Mit der Erweiterung steht jedoch eine nicht kleine Gruppe von WoW-Spielern vor dem Scheideweg: Vielen ist das sehr repetitive Gameplay des sehr zugänglichen MMORPG ein Dorn im Auge und haben bisher keinen richtigen Grund gefunden, sich vom dem Suchtpotential des Titels befreien zu können. Zu dicht waren soziale Verflechtungen in Gilden und mit Freunden, als daß man "einfach so" hätte aufhören können. Doch nun, wo viele Spieler die gemeinsamen Gildenaktivitäten zugunsten des Auflevelns von 60 auf 70 aufgegeben haben, hält viele nichts mehr im Spiel, was viele kleinere und mittlere Gilden in ihrer Existenz bedrohen wird.

Das Chaos bricht über den Spieler herein, sobald er durch's dunkle Portal schreitet...
Wer sich vom tagaus und tagein immergleichen Gameplay im Gruppenspiel sowohl gegen andere menschliche Spieler (PVP) als auch gegen die von Blizzard geschaffenen Bedrohungen (Raids, bzw. PVE) nicht hat zurückschrecken lassen, für den wird die Erweiterung ein Pflichtkauf, da sich ohne diese die neuen Features wie eben jene Anhebung des Levellimits nicht werden nutzen lassen können. Bleiben also Neueinsteiger und Unentschlossene, welche noch von den Worten des Autors in ihrer Kaufentscheidung beeinflusst werden können.

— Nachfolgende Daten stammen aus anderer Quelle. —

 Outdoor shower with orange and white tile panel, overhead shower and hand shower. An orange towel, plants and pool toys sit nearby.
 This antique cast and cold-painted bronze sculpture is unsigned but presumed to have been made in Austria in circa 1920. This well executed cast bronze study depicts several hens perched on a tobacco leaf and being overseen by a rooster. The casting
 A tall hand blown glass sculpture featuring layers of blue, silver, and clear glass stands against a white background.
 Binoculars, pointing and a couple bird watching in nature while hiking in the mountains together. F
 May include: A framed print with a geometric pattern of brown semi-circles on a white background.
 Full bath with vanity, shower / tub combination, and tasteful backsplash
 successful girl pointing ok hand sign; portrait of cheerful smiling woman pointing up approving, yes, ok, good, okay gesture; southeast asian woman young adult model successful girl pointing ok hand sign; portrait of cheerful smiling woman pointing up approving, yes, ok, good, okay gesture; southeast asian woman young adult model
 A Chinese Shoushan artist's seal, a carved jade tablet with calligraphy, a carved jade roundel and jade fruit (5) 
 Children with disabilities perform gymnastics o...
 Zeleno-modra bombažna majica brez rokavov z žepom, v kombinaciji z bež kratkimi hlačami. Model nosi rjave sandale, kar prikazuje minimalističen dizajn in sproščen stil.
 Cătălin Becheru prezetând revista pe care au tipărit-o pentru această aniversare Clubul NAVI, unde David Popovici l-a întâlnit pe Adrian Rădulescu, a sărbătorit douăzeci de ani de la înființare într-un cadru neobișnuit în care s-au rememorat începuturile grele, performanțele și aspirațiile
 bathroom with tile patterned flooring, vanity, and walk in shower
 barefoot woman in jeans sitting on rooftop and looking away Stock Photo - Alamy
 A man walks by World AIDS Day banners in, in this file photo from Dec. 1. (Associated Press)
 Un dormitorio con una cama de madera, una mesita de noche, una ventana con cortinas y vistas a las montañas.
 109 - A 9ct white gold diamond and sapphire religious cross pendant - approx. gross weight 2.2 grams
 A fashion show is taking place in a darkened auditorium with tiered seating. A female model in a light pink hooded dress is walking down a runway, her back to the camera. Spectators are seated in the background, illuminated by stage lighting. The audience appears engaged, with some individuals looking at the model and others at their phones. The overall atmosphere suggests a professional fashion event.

Was sollte also überdrüssige Spieler weiterhin dazu bewegen, Blizzard monatlich die ~12 Euro vom Konto abbuchen zu lassen? Die Featureliste erfasst dabei nur unzureichend die Auswirkungen der Änderungen im Spiel und an der Balance zwischen den Fraktionen Allianz und Horde: Beide erhalten eine neue Rasse, die Draenei auf Seiten der Allianz, Blutelfen auf Seiten der Horde, welche mit Paladin und Schamane bisher unzugängliche Klassen den Fraktionen zur Verfügung stellen. Die dadurch schon inflationär anzutreffenden Schamanen im Startbereich der Draenei, respektive die unüberschaubare Masse an Blutelfen-Paladinen, zeigen das Interesse der bisher fast schon religiös nur ihre Fraktion spielenden WoWler an jener bisher "verbotenen" Klasse, an denen auch so manche Gilde höchstes Interesse hat, sie in ihre Raidgruppen integrieren zu können (und diese damit auch in Rekordzeit auf die Einsatzbereitschaft mit Level 60, bzw. Level 70 zu bringen).